For the Cyber Cleanse, you analyze how you use each email account, so you can adopt a more secure email service for things you’d like to keep private from Big Tech. Then, you sign up for a secure email service that doesn’t sell or use your data for its purposes. Several options are provided on the Day Four: Secure Your Email post for the Cyber Cleanse. Some of these have free, minimal plans to let you try things out, but if you need an email account that is more robust, you will need to pay for it.
I’m giving Tuta Mail a try. Having just signed up, I don’t yet have a good grasp of the service yet. If I like it, I’ll sign up for a paid account.
What took me so long to sign up for a secure email account when I started this Cyber Cleanse in January?
I wanted to clean out and archive my email accounts. This was no small feat and I’m not done yet. Over the past couple of months, when I’ve had spare time, I’ve sifted through two accounts, deleting anything I didn’t want to archive. One Gmail account had over 7,000 emails and went back 20 years. Oof. I whittled it down to less than 3,000 emails and made a backup that I saved to the external hard drive I purchased for the cleanse.
Reviewing over 7,000 emails is a daunting, tedious task, but I did find ways to make it more manageable.
If you make use of categories or labels for sorting email, you can review those folders to delete anything you don’t need prior to concentrating on the main inbox. If you are a zero-inbox person, yay! Delete what you don’t need from your folders, then do a backup to archive your emails.
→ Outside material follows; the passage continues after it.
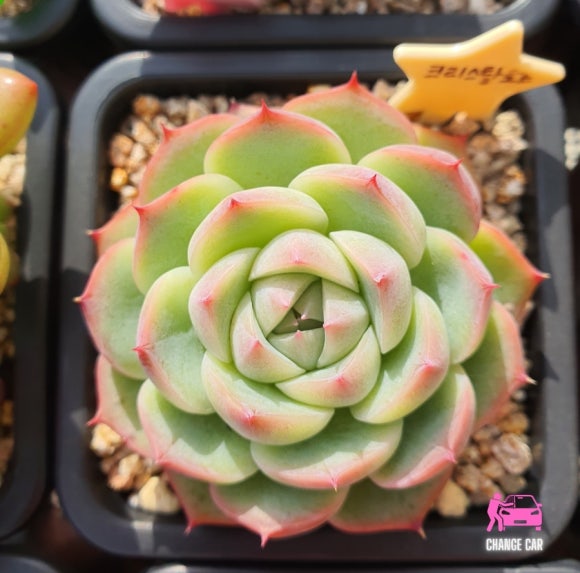러블리엘 이미지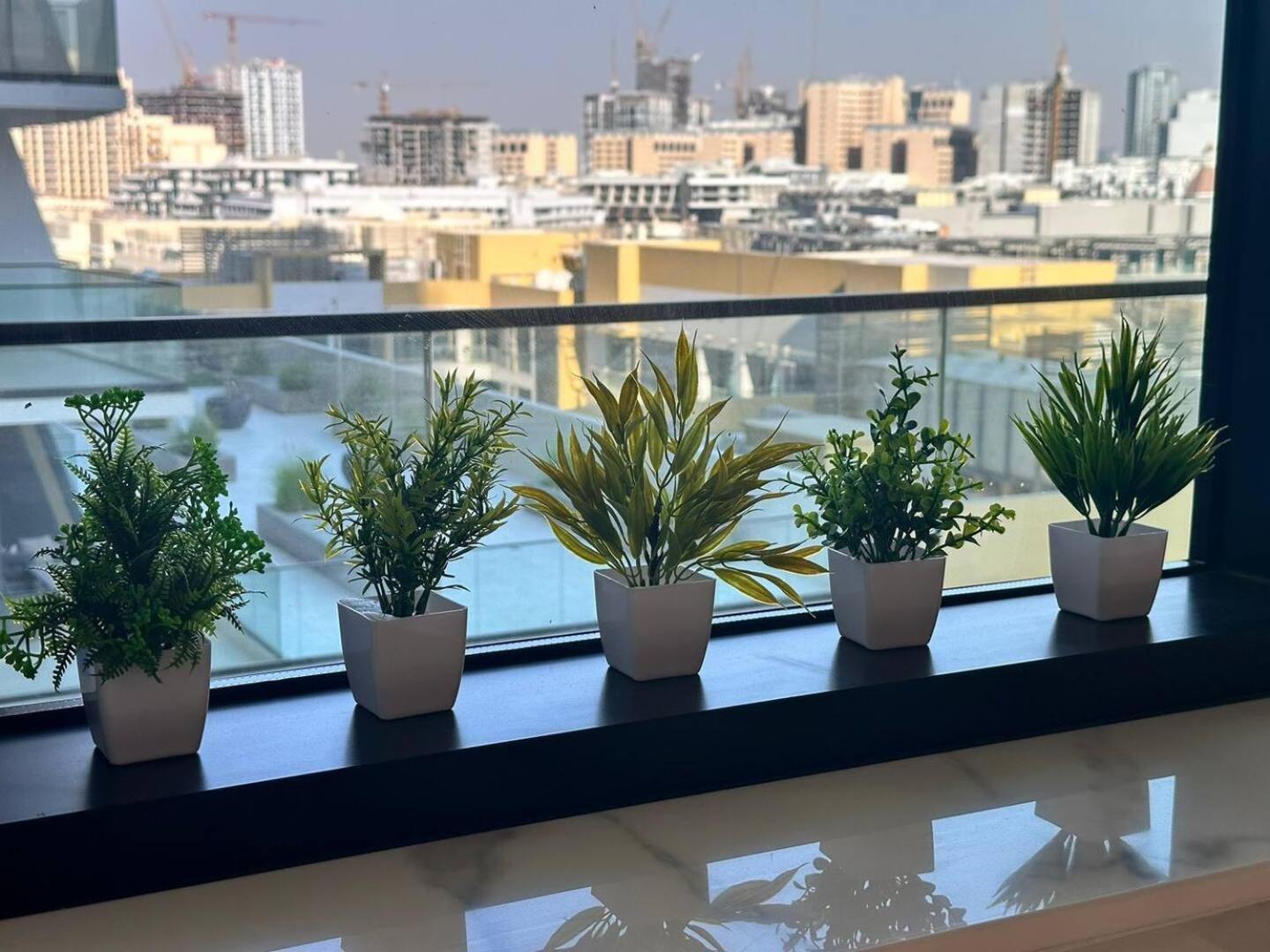 Spacious 1-bedroom With Pool View Apartment Dubai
If you’ve got an inbox packed with emails, as I do, it’s time to turn your attention to this Herculean task. I’m using Gmail as my example. If you have a different email provider, you may have to play around to figure out a similar process.
In Gmail, you have to find the All Mail tab in the left menu in order to see the total number of emails you have tucked into folders. The All Mail tab may be hidden from view. Click the More arrow to reveal it.
Once you are in the All Mail view, use the Any Time dropdown menu at the top and select Custom Range. In the boxes that appear, type in the date range you want to review. I went year-by-year, first trying to find how far back the emails went. Type the date range by starting with the year, then the month, then day, like this: 2005/1/1 – 2005/12/31.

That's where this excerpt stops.